→ Description of the task:
Your answer should be an exact copy of the lines from the one containing "Zdemolované auto po" through the last line of the records below, without any pictures.

Source records
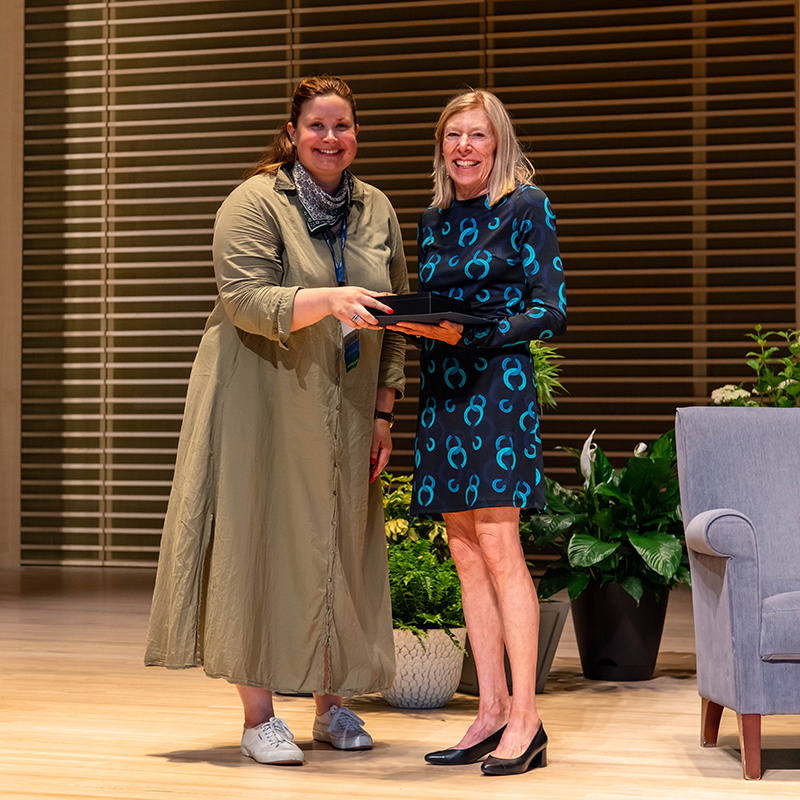 2026 Ernest C. Marriner Distinguished Service Award recipient Jennifer Frutchy Ford ’76 (right) poses with Catherine Mullin ’11, chair of the award selection committee.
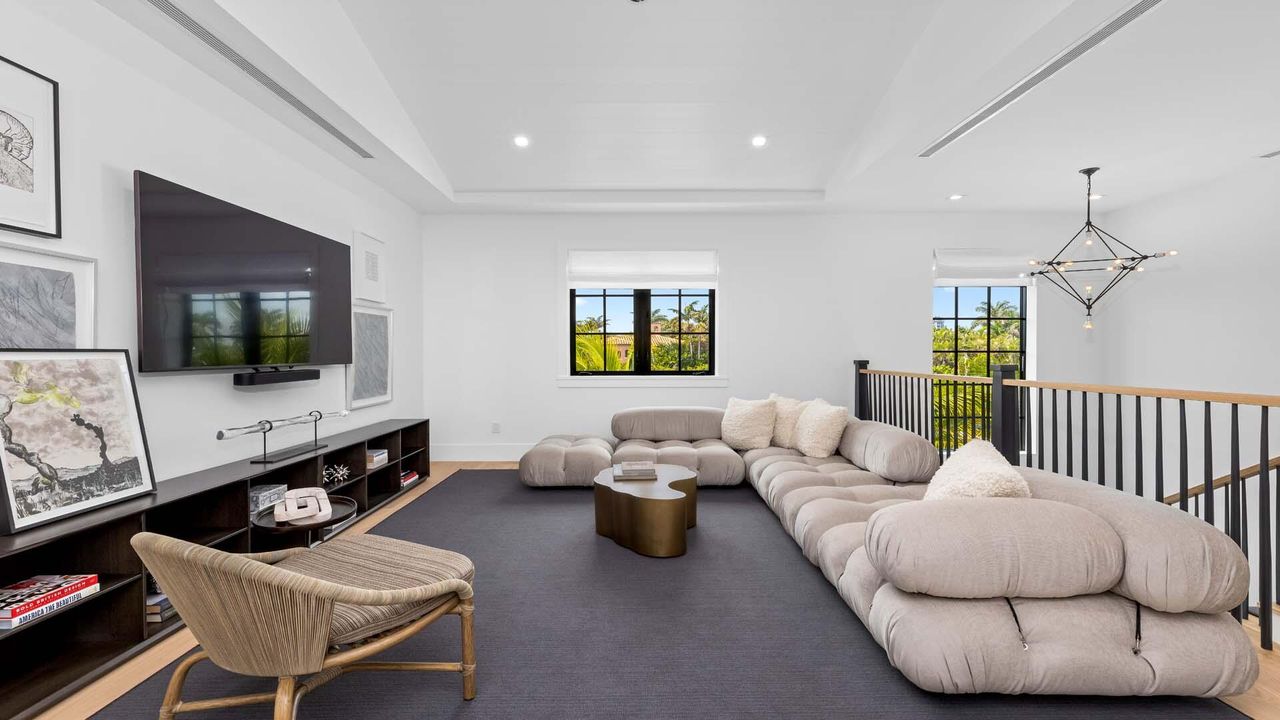 待售: $10,900,000 (4 贝兹, 5 浴室, 5030 平方英尺)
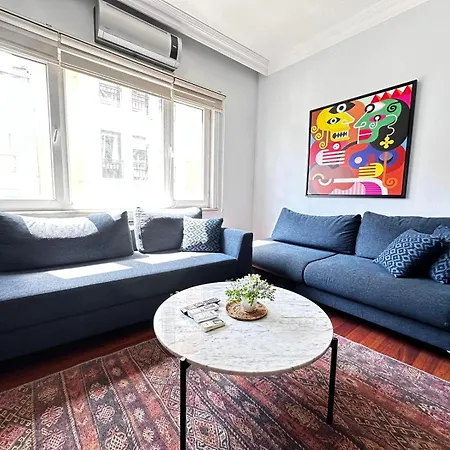 Four Bedroom In Taksim, 4acs, Uelk 2 Apartment *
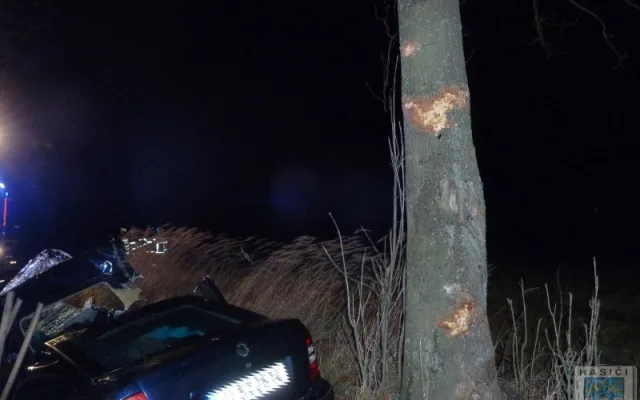Zdemolované auto po nehodě. Foto: SDH Hrádek nad Nisou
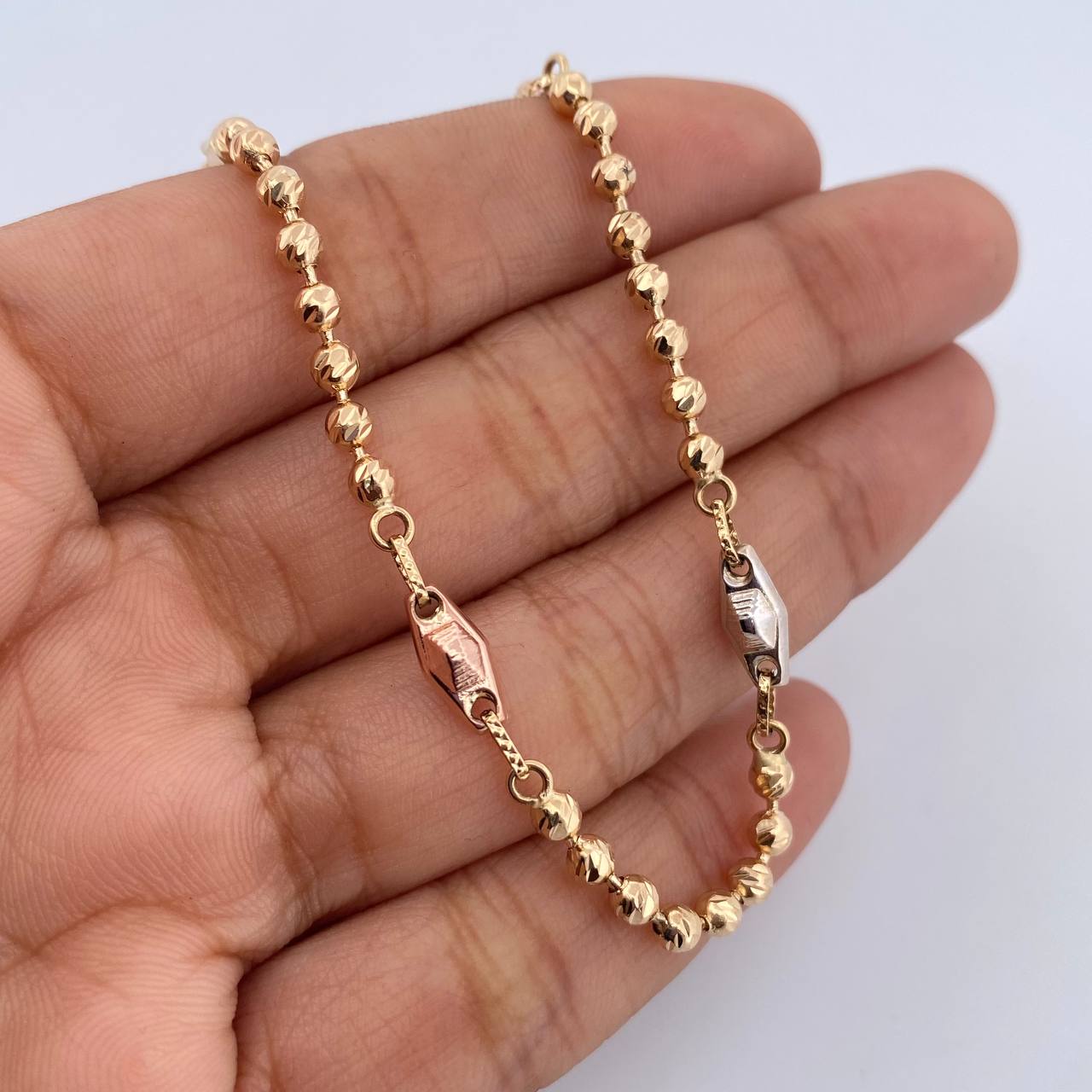 Pulso Militar Piramide 7.45gr / 21cm / 3mm Diamantanda Tres Oros 18K $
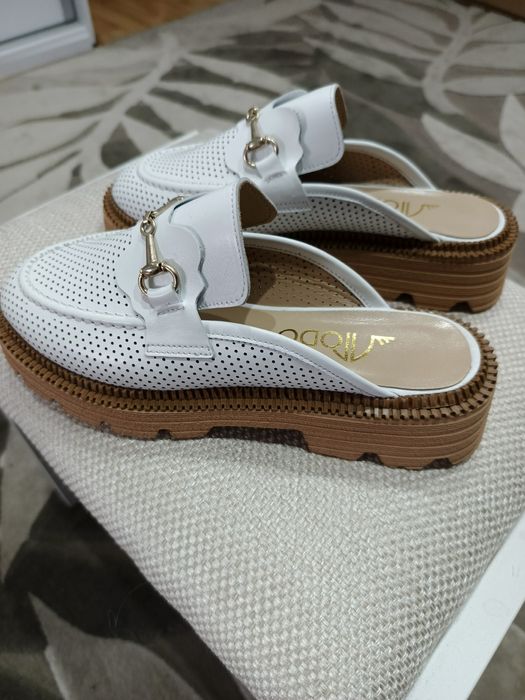 Sprzedam skórzane klapki Modo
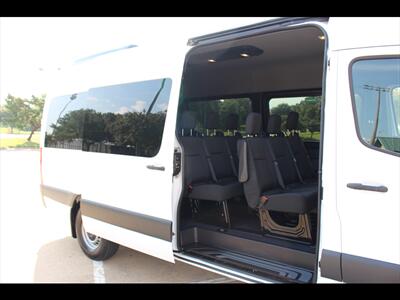 2025 Mercedes-Benz Sprinter 2500   - Photo 15 - Euless, TX 76040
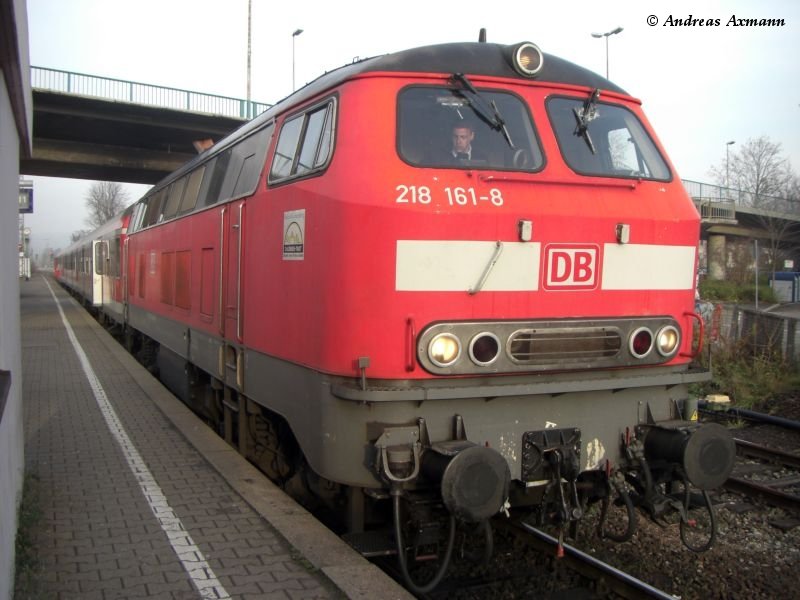 218 161-8 in Wendlingen wartet auf seine Fahrgste zur Rckfahrt nach Kirchheim/Teck (08.12.2008)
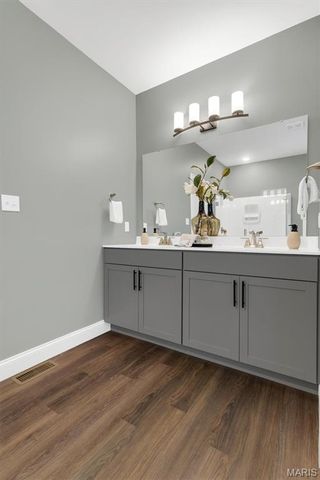 2043 Windswept Farms Drive, Eureka, MO 63025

→ Worked solution:
Zdemolované auto po nehodě. Foto: SDH Hrádek nad Nisou
 Pulso Militar Piramide 7.45gr / 21cm / 3mm Diamantanda Tres Oros 18K $
 Sprzedam skórzane klapki Modo
 2025 Mercedes-Benz Sprinter 2500   - Photo 15 - Euless, TX 76040
 218 161-8 in Wendlingen wartet auf seine Fahrgste zur Rckfahrt nach Kirchheim/Teck (08.12.2008)
 2043 Windswept Farms Drive, Eureka, MO 63025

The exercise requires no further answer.